Prophétique article tiré des Archives du Monde Diplomatique de novembre 200

Quel sera l’objectif américain après l’Irak ? La question hante les dirigeants de Damas, qui craignent de faire les frais de la politique des Etats-Unis, des tensions nées entre le Liban et Israël sur les questions de l’eau et des risques d’embrasement à la frontière des deux pays. Cette instabilité de l’ordre régional a permis aux caciques du régime baasiste de mettre un terme au « printemps de Damas », qui avait suivi la mort du président Hafez El Assad et son remplacement par son fils, M. Bachar El Assad.
Par Judith Cahen *

A la mort d’Hafez El Assad le 13 juin 2000, après trente années de pouvoir sans partage, la société civile, les opposants au régime, et même certains baasistes, ont cru à la démocratisation du système politique. La personnalité et la jeunesse de son fils Bachar, successeur désigné du qaïd, sa volonté de modernisation et de lutte contre la corruption ont suscité un grand espoir. Certes, nombre de gens furent choqués par la rapidité avec laquelle la succession fut bouclée  (1) et refusèrent la manière dont le nouveau pouvoir insistait sur l’« exception syrienne » qui empêcherait le pays de pratiquer la démocratie des autres. Mais l’insistance du jeune président sur le respect de l’opinion publique accéléra le mouvement de contestation réclamant plus de démocratie et de respect pour le droit des personnes.

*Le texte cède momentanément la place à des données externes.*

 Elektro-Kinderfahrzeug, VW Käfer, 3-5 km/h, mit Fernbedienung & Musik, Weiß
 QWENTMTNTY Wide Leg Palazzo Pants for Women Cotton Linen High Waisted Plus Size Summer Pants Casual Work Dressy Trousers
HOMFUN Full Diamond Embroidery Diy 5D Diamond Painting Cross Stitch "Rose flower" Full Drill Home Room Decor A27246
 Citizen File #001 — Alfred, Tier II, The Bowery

« Il faut redonner la parole au peuple. Que le Parlement ait à nouveau le pouvoir de contrôler l’Etat. Sans ce retour aux principes républicains, la Syrie restera ce qu’elle est aujourd’hui : un régime totalitaire, une République héréditaire. » Par cette déclaration de juin 2000, M. Riyad Turk, chef du Parti communiste – Bureau politique, libéré après plus de quinze ans de prison, s’affirme comme la figure emblématique du « printemps de Damas  (2) ». Pendant un an, des pétitions – émanant de groupes aussi différents qu’un collectif de « 99 intellectuels », d’avocats, de Syriens de l’étranger ou des Frères musulmans basés à Londres – paraissent dans la presse arabe non syrienne pour réclamer la fin de l’état d’urgence – maintenu depuis l’arrivée du Baas au pouvoir en 1963 -, le retour à l’Etat de droit, le pluripartisme et la libération de tous les prisonniers politiques.

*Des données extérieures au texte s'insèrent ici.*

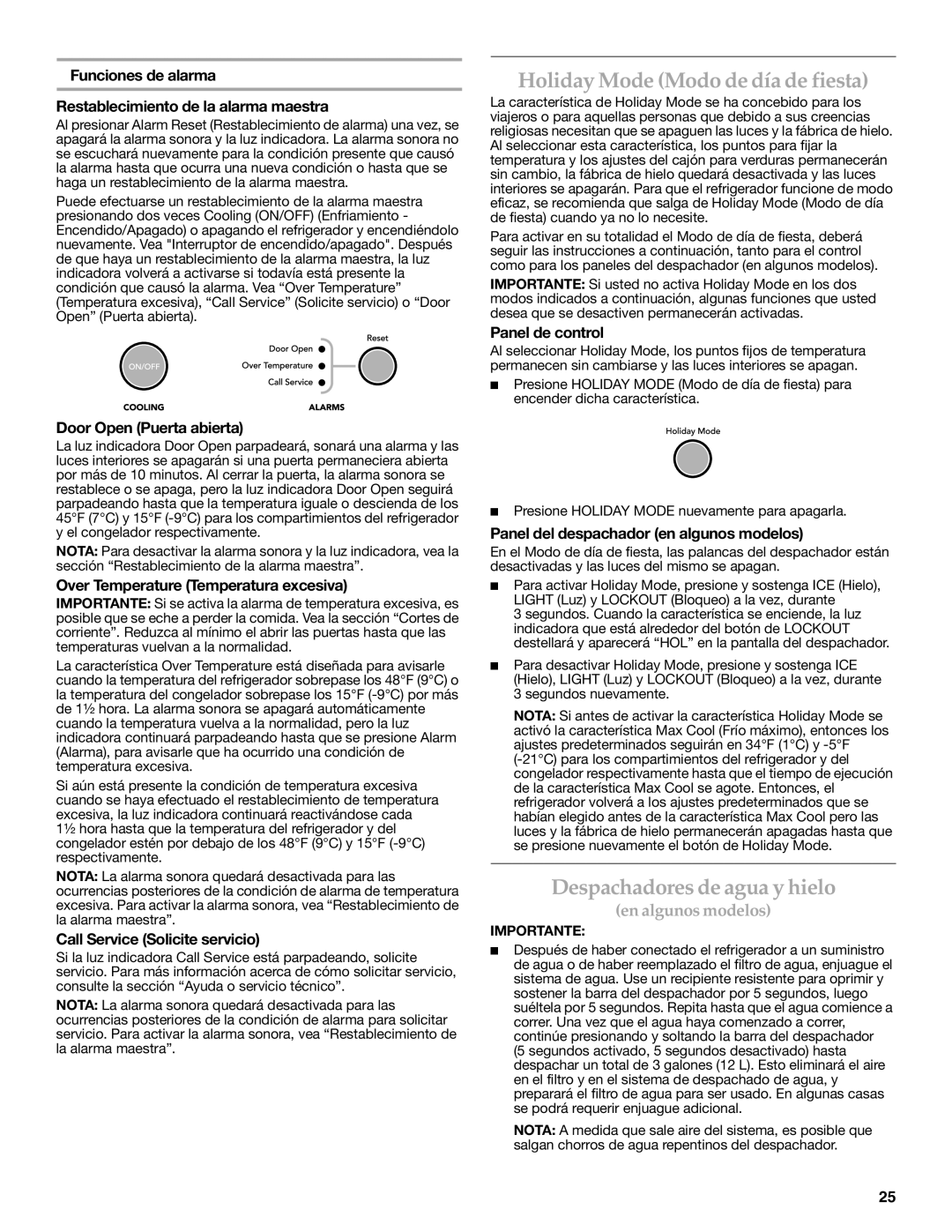 KitchenAid W10303989A, KSSC48QVS manual Holiday Mode Modo de día de fiesta, Despachadores de agua y hielo 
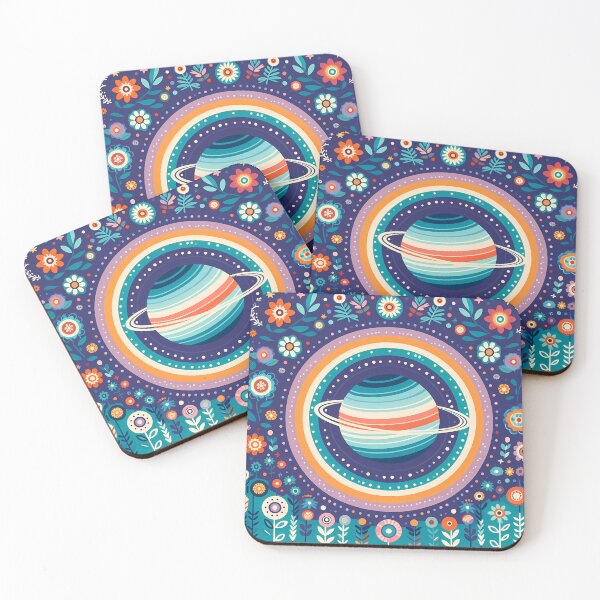 Item preview, Scandinavian Folk Art Colourful Patterned Saturn and Rings by heidiannemorris © designed and sold by FOLK ART FUSION by heidiannemorris.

Parallèlement, des muntadayat (forums de discussions organisés en appartement) s’ouvrent à Damas et dans la plupart des grandes villes du pays, recueillant un large succès. Des personnalités politiques indépendantes, des universitaires, mais aussi nombre de citoyens commencent à y exprimer, en public et sous l’œil attentif de membres du Baas, leurs critiques contre la corruption, l’accaparement du pouvoir par les dignitaires du régime et leurs enfants ou appellent au multipartisme, au respect du droit d’expression et à la libération des prisonniers politiques.

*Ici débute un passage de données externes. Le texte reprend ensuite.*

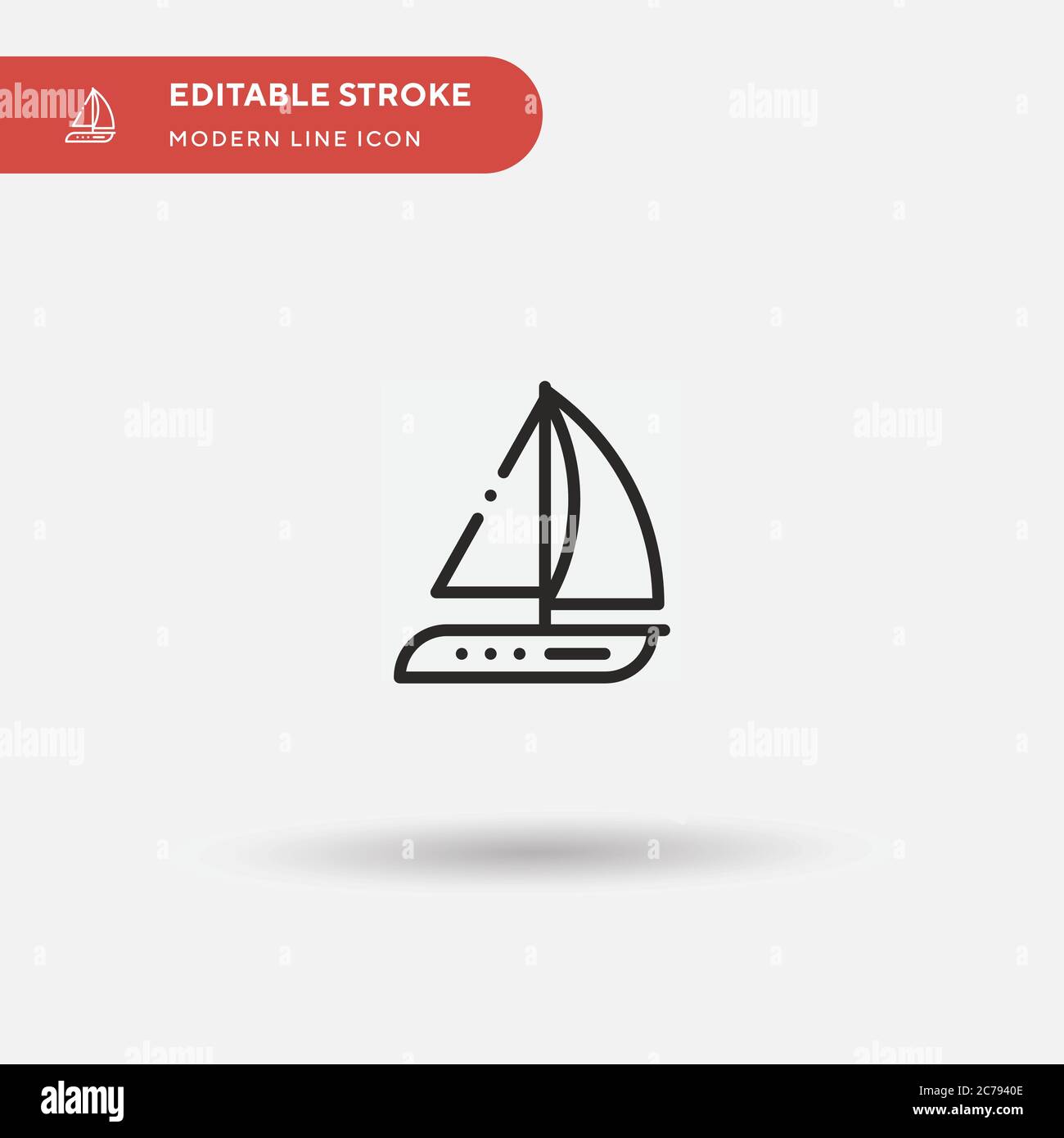 Yatch einfaches Vektorsymbol. Illustration Symbol Design Vorlage für Web mobile UI Element. Perfekte Farbe modernes Piktogramm auf bearbeitbaren Strich. Yatch-Symbol Stock Vektor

Puis, en septembre 2001, le régime, après avoir lancé un premier avertissement sur les lignes rouges à ne pas franchir (3), jette en prison dix militants pour la démocratie, dont M. Riyad Seif, député indépendant, et M. Turk. A la fin d’août 2002, tous les militants sont condamnés à des peines allant de deux à dix ans de prison pour avoir « porté atteinte à la Constitution, incité à la sédition armée et aux dissensions confessionnelles, sapé le sentiment patriotique et propagé de fausses nouvelles ».

Certains observateurs étrangers soutiennent que M. Seif a été emprisonné à la suite d’un rapport au Parlement dans lequel il dénonçait des irrégularités entourant la création de deux monopoles de téléphonie mobile, SyriaTel et Investcom, dont M. Rami Makhlouf, cousin de M. Bachar El Assad, est le principal actionnaire. En réalité, M. Seif n’avait même pas cité ce dernier, mais il avait attiré l’attention sur le fait que la Syrie était l’un des rares pays dans le monde où l’Etat n’avait rien gagné par la vente des licences de téléphonie mobile et où les opérateurs n’étaient même pas soumis à l’impôt sur les sociétés…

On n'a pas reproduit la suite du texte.